La dette de Mao envers Sun Tzu retint l’attention de Samuel B. Griffith, un capitaine des Marines qui, en 1940, traduisit en anglais l’ouvrage du leader chinois. Cette première traduction passa à peu près inaperçue, mais, en 1961, Griffith, qui avait depuis pris sa retraite comme général de brigade, publia une seconde édition de son volume avec une introduction très détaillée. Il devait publier, deux ans plus tard, une traduction de L’Art de la guerre qui lui valut de vifs éloges5. Il s’ensuivit quantité de traductions et de commentaires de l’œuvre de Sun Tzu.
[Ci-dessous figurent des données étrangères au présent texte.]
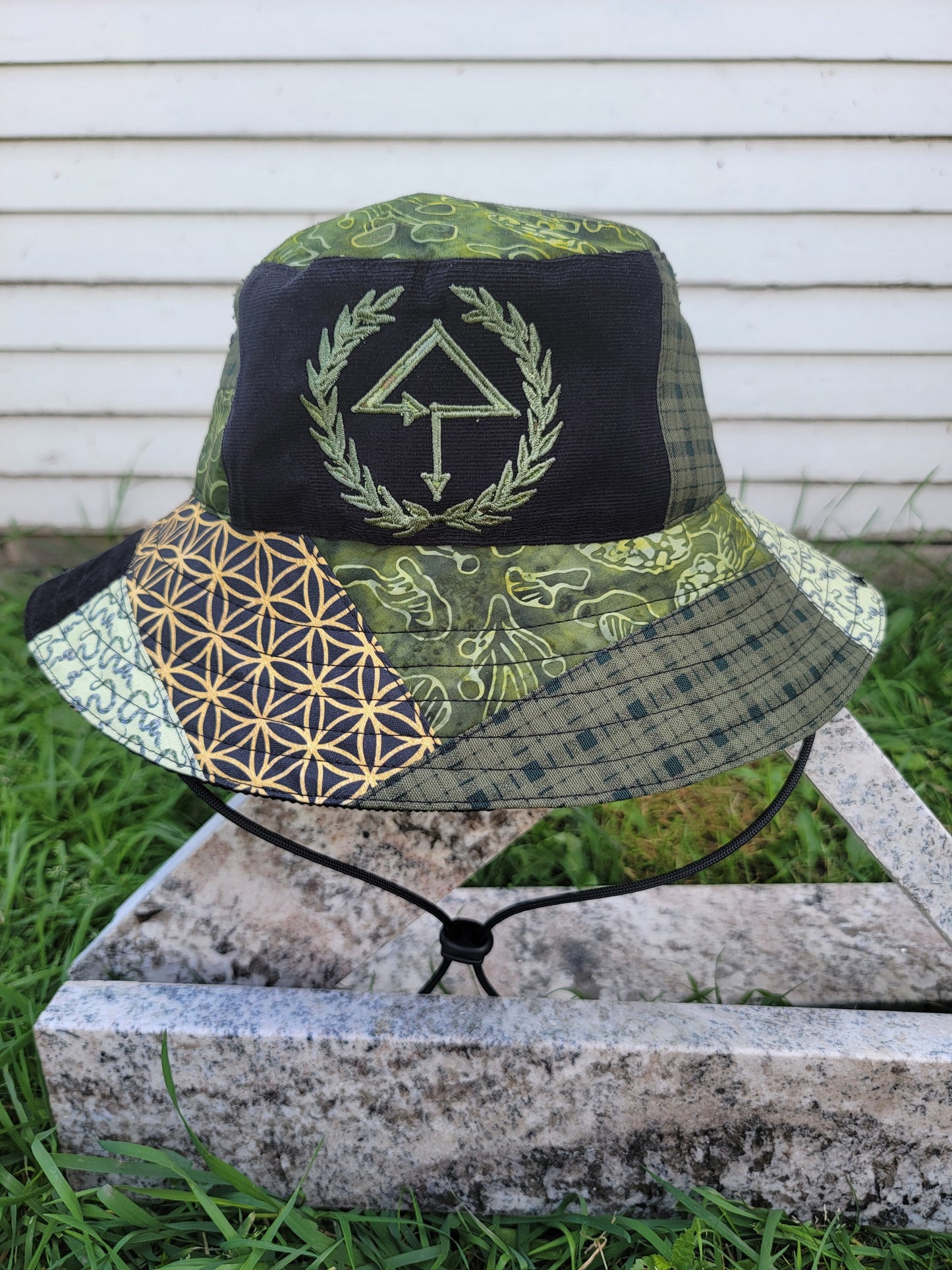 Snakes&Shrooms OTT Boonie - Nothing is as it Seams
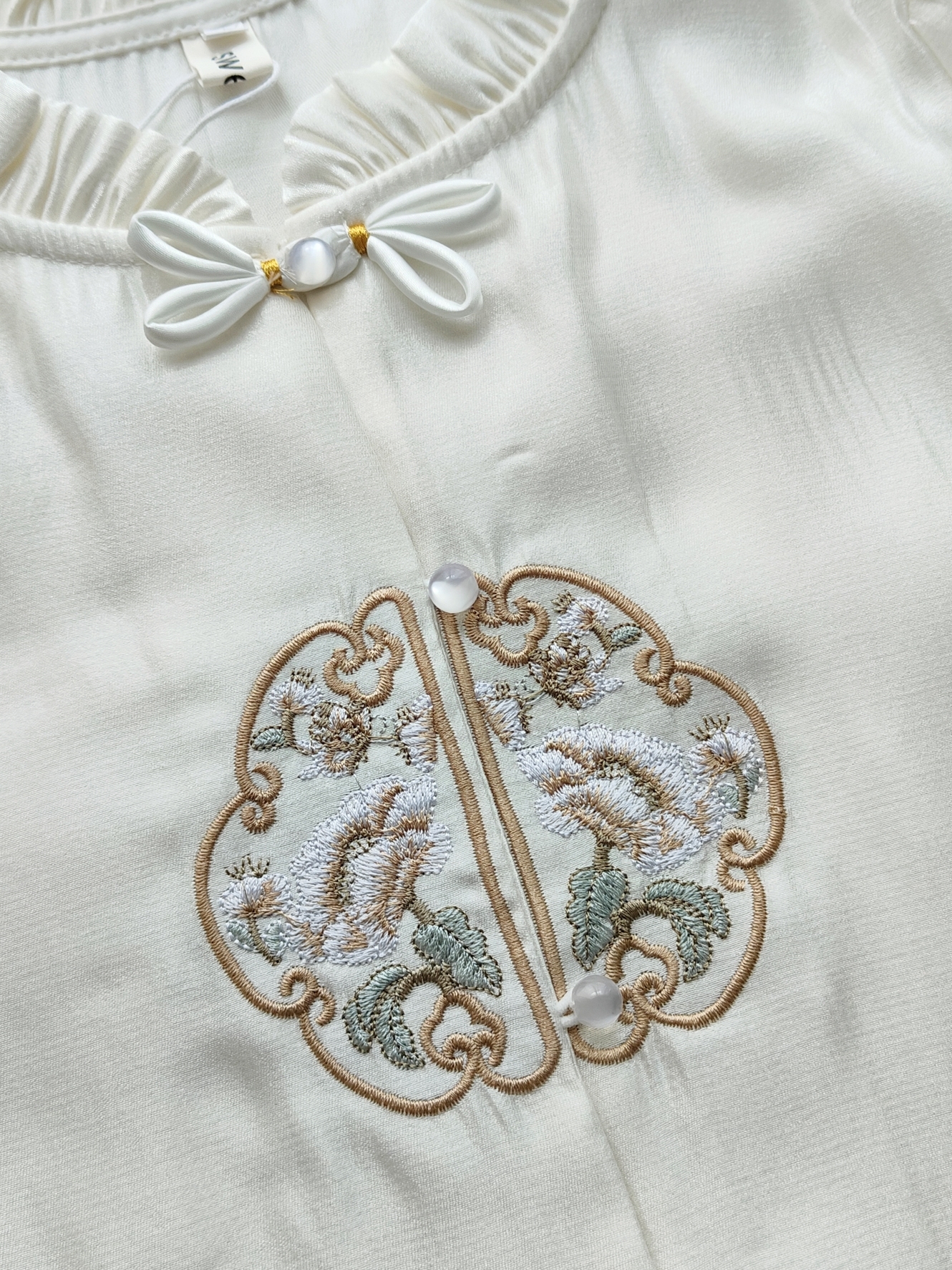 Ruffle Collar Embroidered Tencel Blouse 木耳边立领刺绣天丝衬衫*2Colors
Même si Sun Tzu est célèbre, à juste titre, pour nous avoir appris comment mener une guerre, c’est pour une autre raison qu’il mérite de rester dans nos mémoires. Sa recommandation la plus importante est en effet celle-ci : éviter la guerre. « La guerre est pour un pays la plus grave des affaires, écrit-il, le terrain où se jouent la vie et la mort, la voie qui conduit à la survie ou à l’anéantissement. » Si une guerre se révèle inévitable, il conseille vivement aux pays concernés d’entreprendre des campagnes rapides et de limiter les affrontements dans le temps, avec aussi peu de dommages que possible. Dans toute l’histoire, souligne-t-il, « il n’y a pas d’exemple qu’un pays ait pu tirer profit d’une guerre prolongée ».